Capitol Nil

Face it. We need a full-time Legislature.

LAST TUESDAY, 25,000 teachers and other educators gathered in Olympia, delivering a pointed message to Gov. Gary Locke and to our state Legislature: Find the money. Deal with Washington's staggering $2 billion shortfall, yes, but in doing so, don't shortchange public education. In fact, public education needs more money, not less.

Legislators hear it every day. And they'll keep hearing it, straight through the 105-day legislative session—and the inevitable "special" sessions that will follow, because each and every year, the state Legislature cannot reach agreement on the budget in the allotted time. The final product is usually hammered out in about 72 sleepless hours in the final days of the third session and signed into law at 11:57 p.m. some bleary-eyed night.

Until then, the pilgrimage taken by the teachers will be endlessly repeated.

This week, Monday was the annual Olympia lobby day for the National Alliance for the Mentally Ill. The Welfare Rights Organizing Coalition is sponsoring a "legislative briefing," and the Washington State Development Disabilities Council holds its annual "legislative reception." Next week, the American Association of University Women, the League of Women Voters, and the Washington State Pharmacy Association bring their supporters to town, followed closely by the Washington Association of Housing and Services for the Aging, the Washington Low Income Housing Network, and Homeless Youth lobby day. Rather than come to Olympia—they probably couldn't book hotel space—anti-hunger activists are hosting a "Hunger Action Call-In Day." (Maybe they could go to Olympia and stay with the homeless youth.)

IN ANY GIVEN legislative session, our state's 49 senators and 98 representatives and their tiny, overwhelmed staffs must consider well over 2,000 bills. The sessions run 105 days in odd-numbered, biennial budget years, 90 days in even years. Simple physics suggests legislators never even read most of those bills, let alone read them carefully, let alone refine them until they represent our best political and managerial thinking.

The workload alone demands that Washington can no longer afford to indulge in such a limited window of time each year to consider how to govern our state. When Washington entered the union in 1889, like most other states, it embraced a part-time, citizen government. The idea was good: The people representing us should live and work in our community. For three months each year, they can trundle off to Olympia, but otherwise they hold the same jobs as we, go to the same churches, listen to our concerns, and (in theory) are thus better equipped to represent us during those short legislative sessions.

Of course, in 1889, going to Olympia from, say, Spokane was a one-way trip for three months; people arrived on horses or trains, not in SUVs or commuter jets. The National Association of Medicine Show Operators probably did not have a lobby day. The 1890 census put the entire state's population at 349,390—less than a fifth of today's residents in King County alone. And the first budget of the state of Washington was probably less then than the current salary for a mediocre center fielder.
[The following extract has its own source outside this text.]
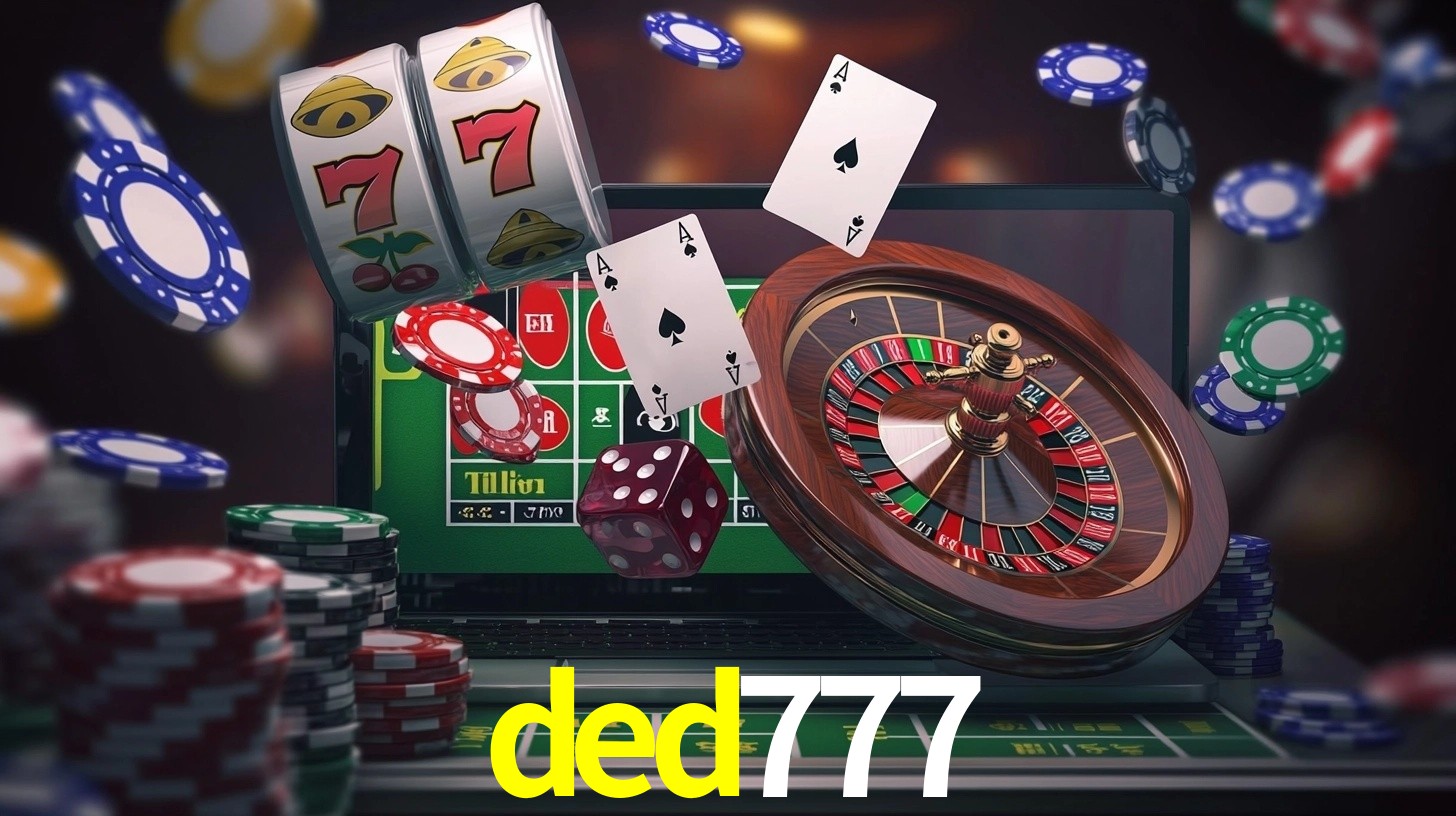 ded777,ded777.com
Running the state was, in short, a very different job. If we retained our best thinking of 1889 in how we got people to Olympia—as well as in what they do when they arrive—Interstate 5 would be several feet deep in horseshit. We no longer travel that way, and we shouldn't govern that way, either.

WOULD longer legislative sessions and full-time legislators produce professional politicians with minimal accountability to the public? We already have them. Outside of activist groups and corporate lobbyists, few people have any idea who their state legislators even are, let alone how they vote. The money it costs to campaign, and the time it takes away from earning a separate living, ensures that only people who are independently financially secure can even consider running for office. Instead of producing office holders like us, the combination of money in politics and the huge workload that comes with a not-very-part-time job weeds out most "ordinary" citizens.

Meanwhile, the decisions of this year's legislative session—facing the worst budgetary crisis in a generation—will affect us for years. Cutbacks in education, social services, environmental protection, law enforcement, infrastructure maintenance, and all the other branches of our immensely complex modern government must be made carefully and judiciously—not at 11:55 p.m. on the last possible day by wearily approving a final bill most legislators haven't read, in a session so limited that most of Washington's most urgent problems are considered either poorly or not at all.

It's no way to run a state. Expanding the legislative session is "bigger government," at a time when many of us don't trust government and when the money to run it is tight. But the cost of how we currently make decisions is far greater. Making the process more sane is something we can't afford not to do.